This is a pretty weird movie, and it kind of reminds you, in the same way a film like Un Chien Andalou that cinema has never really gotten more bizarre or experimental than it was at the beginning. Jean Cocteau is mostly associated with the surrealist movement that birthed that earlier film, but I think his work is much more personal and unique. The Blood of a Poet is not really my cup of tea, but it's certainly a fascinating film that transcends its academic ambitions.

The scene in a hallway clearly influenced the recent blockbuster Inception, something which reminded me that films like this are an exploration of art in the way something like launching the first rocket into space paves the way for things like the moon landing and satellites. While I might not enjoy watching these experiments, I can see how valuable the films are to cinema as a whole, just as I can see how exciting it must have been to see a film like this for the first time, or how exciting it still is for those who are more interested in watching brilliant filmmakers grasp in the dark for something special.

This is the first movie in a trilogy that Cocteau would complete later in his career, and while I don't necessarily think I'll enjoy the other films, I'm nevertheless looking forward to them.

#79: W.C. Fields - Six Short Films

(Monte Brice, Clyde Bruckman, Edwin Middleton and Leslie Pearce, 1915-1933)


Comedy isn't easy. Great dramas are almost inevitably timeless, because they speak to the human condition in a consistently identifiable way. Love, for example, is love, no matter where you live or when you were born. Comedy can be much more topical, obviously, but it can also be tied to the times in more subtle ways, like playing to the audience's sensibilities and taste. A good drama need not be original, but comedy requires a certain element of surprise in order to succeed. This can date humor much easier than drama or even action (the latter being a matter of technology).

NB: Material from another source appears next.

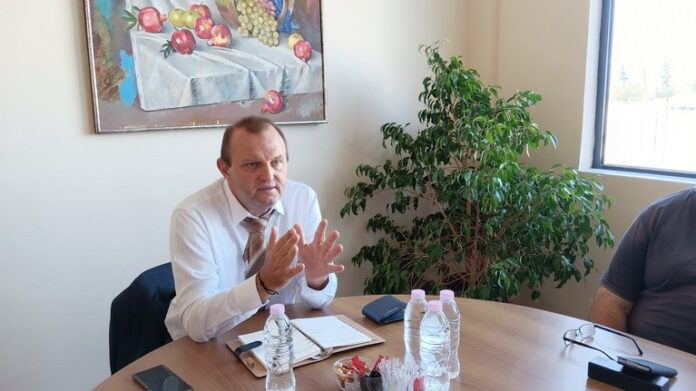Зам.-министър Джиков: Държавната помощ от 426 млн. лв. ще стигне своевременно до земеделските производители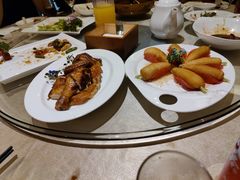 -远洋宾馆·江景餐厅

There is also, of course, the matter of taste, and if you think something isn't funny, well, there's not much you can do to improve your experience viewing a film. This comes into play much more often with older films, I've found, because many of the great masters of comedy from the early years of cinema represent a certain base branch of comedy, so if you find one more appealing than the other, you may gravitate towards one performer or another. Personally, I have a hard time with Charlie Chaplin, but love Buster Keaton. I find Laurel and Hardy to be hit or miss, but I can't stand the three stooges. The Marx brothers are probably my favorite, however, partially because they specialized in highbrow silliness, a soft spot in my comedic heart, but also because they represent a precursor to much of the great cinematic humor I love from the last 50 years, bridging the gap between those performers (Woody Allen, Steve Martin, the Zuckers) and the earlier Jewish vaudeville comedy of the turn of the century.


But then there is W.C. Fields. Known primarily for The Bank Dick - which is to say he's not really known at all by the average moviegoer - Fields is the comedian who may be most tied to modern humor, yet least appreciated by modern film lovers. He pioneered a dry, almost vindictive style of humor that is unmatched by any of his more contemporary malcontents such as Bill Murray and Bob Newhart. These shorts are a great introduction to that style, even if they are a bit hit or miss.


The first short in the series is Pool Sharks, Fields's first film. It's silent, and therefore mostly useless as an introduction to what makes Fields great. In fact, the actor seems to be channeling Chaplin here more than forging a new comedic voice. The Golf Specialist is better, but still seems a little gimmicky. It's not until the outright hilarious The Dentist that Fields comes into his own. Bordering on the ridiculously unlikable, Fields bumbles his way through a golf scene that's much funnier than anything in the previous golf film and into a scene at his office that is absurd and hilarious. None of the other films afterward are quite as strong, but each has a moment of comedic bliss, and each lets its star shine in a way that is truly unique and original. Fields may be too much of his time to rank with Groucho or Buster, but he's one of the great voices in film comedy, and this collection is a great example of the best (and edgiest) he could do.